One fine day some students in this community announced that they were going to hold sit-downs and occupy public buildings. The Government react immediately like frightened rabbits and decide to make them illegal without giving any real or due consideration to what they are doing. What they have done is that they have refused to listen to grievances aired in Parliament and have left a large section of the community with very little faith in Parliament or in parliamentary democracy by refusing to listen to grievances.12
Fearing the growth of the IRA, Hume urged Unionist MPs to understand that, when the rule of law falls into disrepute, then people will feel that ‘they have a duty to break that law’.13 How, when such pleas were consistently ignored, did Hume respond? When rational argument failed, Hume, along with Ivan Cooper and Paddy Devlin – future co-founders of the Social Democratic and Labour Party – and others, would occasionally take over the floor in the middle of the House and sing ‘We Shall Overcome’, thereby replicating in parliament the modality of protest that existed on the street. In addition, this ongoing dialogue of the deaf in Stormont naturally elicited from Hume and his colleagues the obstructionism tactic that Parnell and his party had practised in Westminster a century earlier. (Parnell remained a central influence on Hume throughout his political life: shortly after being elected to Westminster, when he discovered that there was no recognition of Charles Stewart Parnell in the Houses of Parliament, he sought donations from MPs to ensure that a bust of Parnell was sculpted, which was placed close to Committee Room 15, where Parnell’s party had split.) Throughout his time in Stormont, Hume’s unqualified belief in parliamentary politics remained steadfast: his eagerness to put an argument on the record in Hansard, even when its practical impact seemed elusive, indicates not only a respect for parliamentary politics, but also a sharp sense of history.

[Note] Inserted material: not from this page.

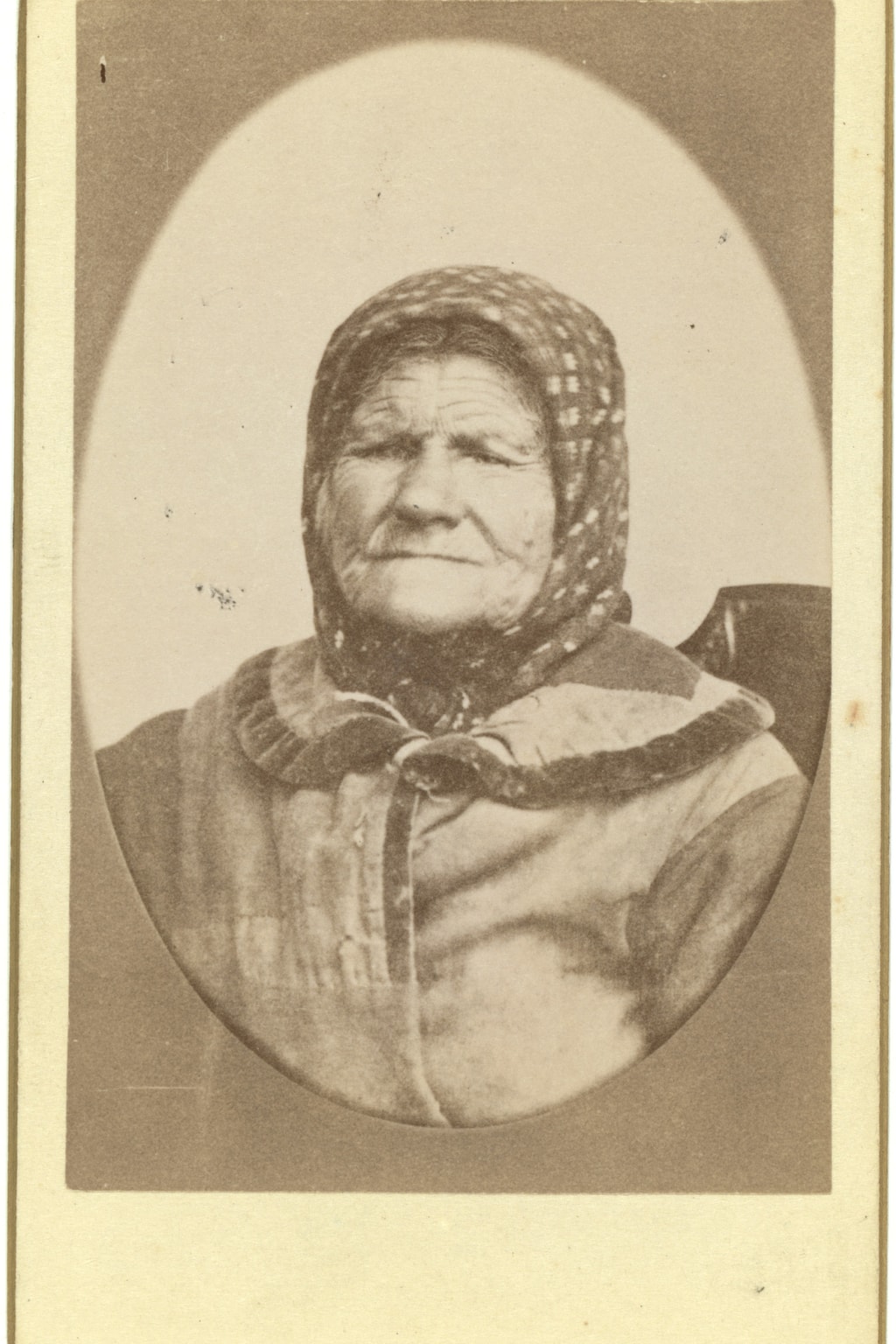 A faded 1870 memorial portrait Before
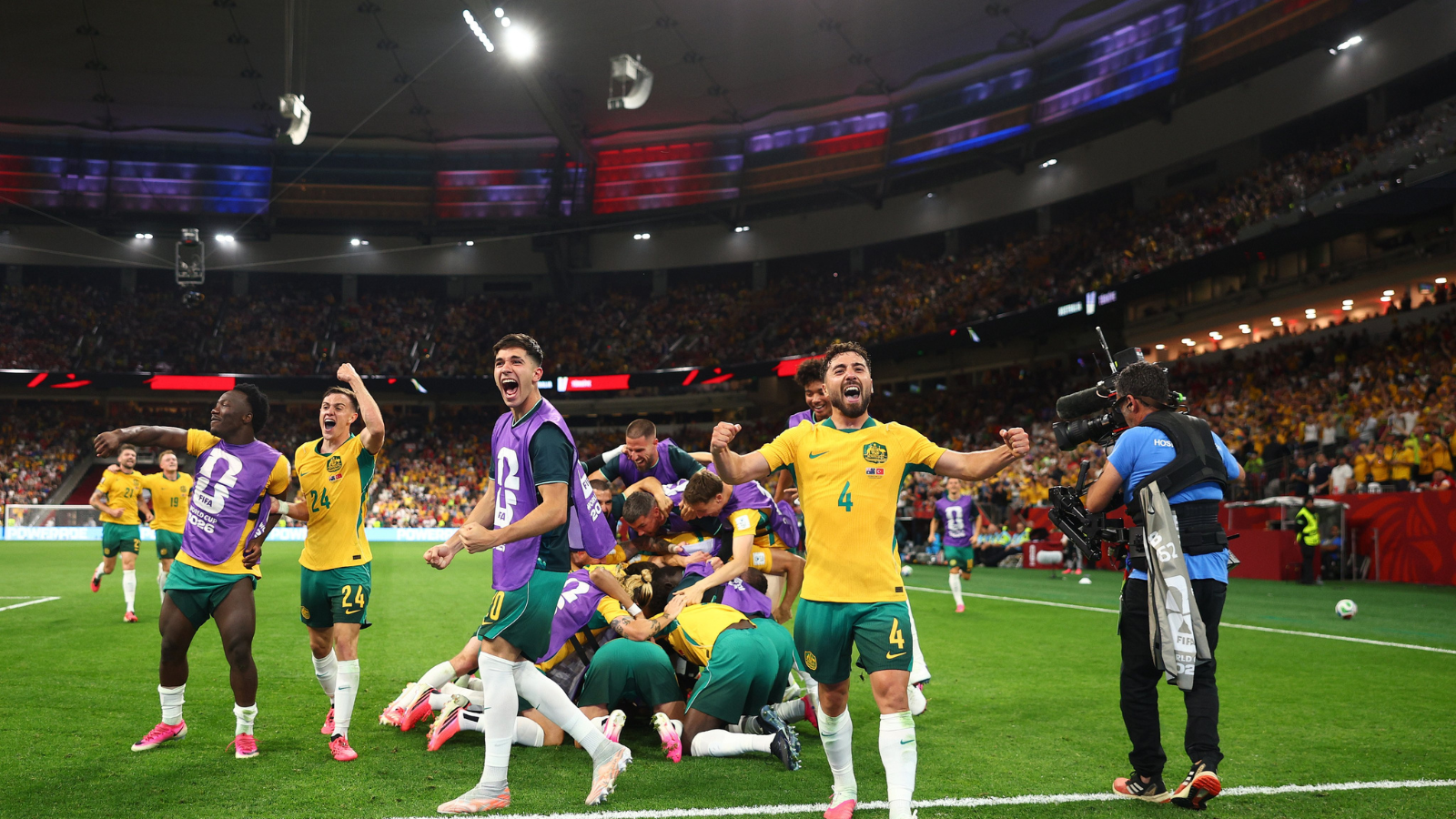 Australian soccer players in yellow and green celebrate a goal on the field as teammates pile in a group hug; a photographer films nearby in a packed stadium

Hume was later to say in Westminster that the central problem of the British having created in Northern Ireland a system based on a sectarian headcount was that ‘When one tells the majority that it can protect itself only by remaining in majority, one invites it to maintain sectarian solidarity as the only means of protection. Therefore, one makes sectarianism the motive force of politics.’14
That deeply rooted fault line of the Northern Irish State, since it was created through partition, vitiated any realistic prospect of reform from within: a perception that Hume was to reluctantly accept after the possibilities of reform from within had been exhausted. Power in Northern Ireland was so perniciously enmeshed with religious justifications for its possession that its holders had comprehensively absorbed the myth of their own entitlement. From the opposition benches Hume faced not merely political intransigence but a deeply tribal confederacy whose identity depended on not admitting any modification to the Orange State.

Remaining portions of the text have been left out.